The new state money will assist Enrichmond in returning Evergreen, and eventually East End, to places of quiet reflection and respect, befitting the people buried in both cemeteries, says John Sydnor, Enrichmond’s executive director.
“We worked for over six years to acquire Evergreen, because we feel it is vital to understand the history of these places. They tell the story of the city, and a part of the story that has been left out for generations,” he said.
He added the nonprofit’s work has “relied on community guidance and input on how … the restoration process should happen.”
“We continue to value these voices, and we are showing that,” Sydnor said.
To that end, Enrichmond has formed a 25-member advisory team of longtime cemetery volunteers, descendants and community leaders to crystallize and implement that vision at Evergreen and East End. The group meets monthly at Virginia Union University.
Formed in October 2017, Mitchell and Shuck are part of the team, which includes descendants like Johnny Mickens III, the great-grandson of Maggie Walker.
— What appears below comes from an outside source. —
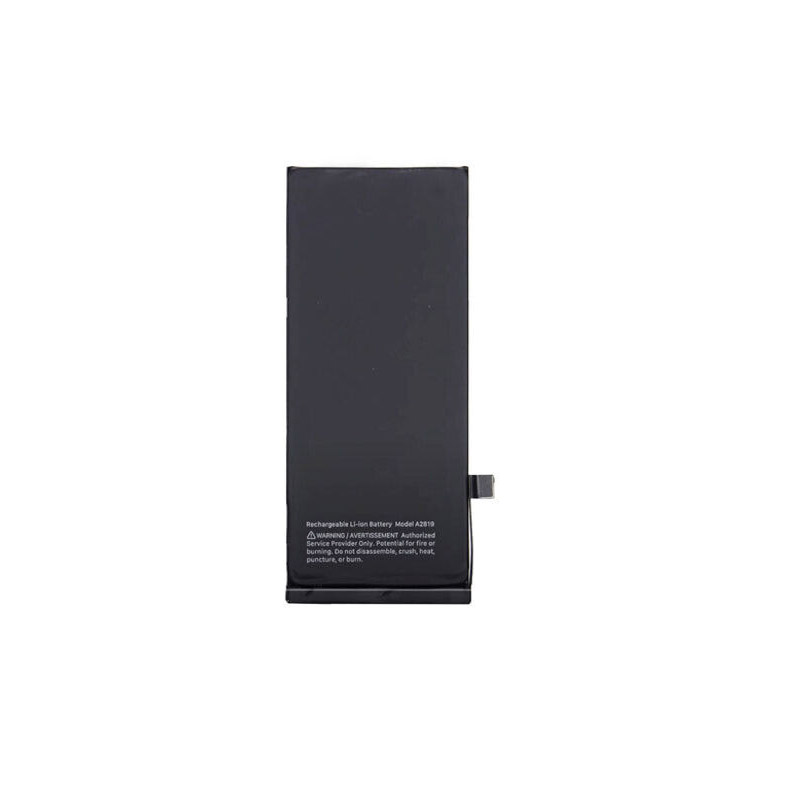 Kompatibelt Mobiltelefonbatteri till Apple iPhone SE (3rd generation) Kompatibelt Mobiltelefonbatteri Apple till iPhone SE (3rd generation)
In addition to Shuck, Veronica Davis, author and former director of black cemetery restoration volunteer group Virginia Roots, contributes to the team, as well as representatives from the Black History Museum & Cultural Center of Virginia, the Maggie L. Walker National Park Service site, and other organizations central to Richmond’s black community. Ted Maris-Wolf, who became caretaker of Evergreen Cemetery in 2017, leads the team.
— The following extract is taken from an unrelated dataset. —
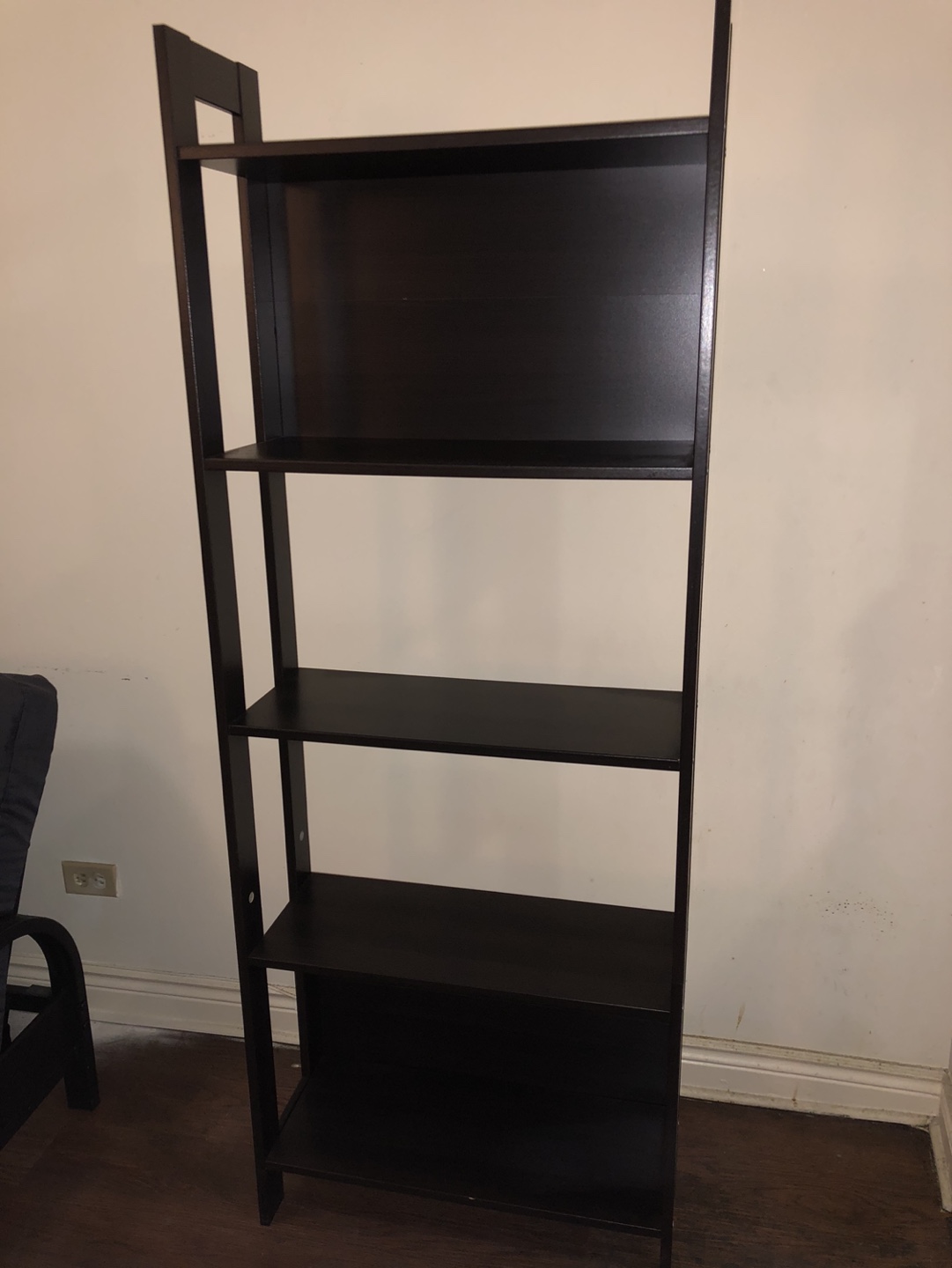 IKEA Laiva bookcase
“Enrichmond may be the legal owner of Evergreen, and may become the legal owner of East End, but these are sacred sites that belong to communities in Richmond, and to the historical memories of those communities,” says Maris-Wolf, who formerly oversaw research and historical interpretation at Colonial Williamsburg. “The volunteers — including John Shuck, Friends of East End, [longtime Evergreen Cemetery volunteer] Marvin Harris — and the family members have taught us so much. We could not do this work without them.”
Janine Bell founded Elegba Folklore Society 28 years ago to elevate African and African-American culture in Richmond.
Bell says she joined Enrichmond’s advisory team to ensure Evergreen and East End Cemeteries would be restored with “sensitivity and respect” for the wishes of the descendant community.
Though the state’s new funding stream for historic black burial grounds is “encouraging,” Bell says that the effort to newly illuminate these histories will not be complete unless the organizations entrusted with state money to oversee the cemeteries, collaborate with existing volunteers and those descended from the dead.
“The reality is, and we see this with Enrichmond, these nonprofits and entities may have the monetary resources but not necessarily the cultural resources to complete this mission,” Bell said. “We have to work together. It is imperative that any organization getting these [state] funds understands that the descendant community knows what’s best for the places their ancestors rest.”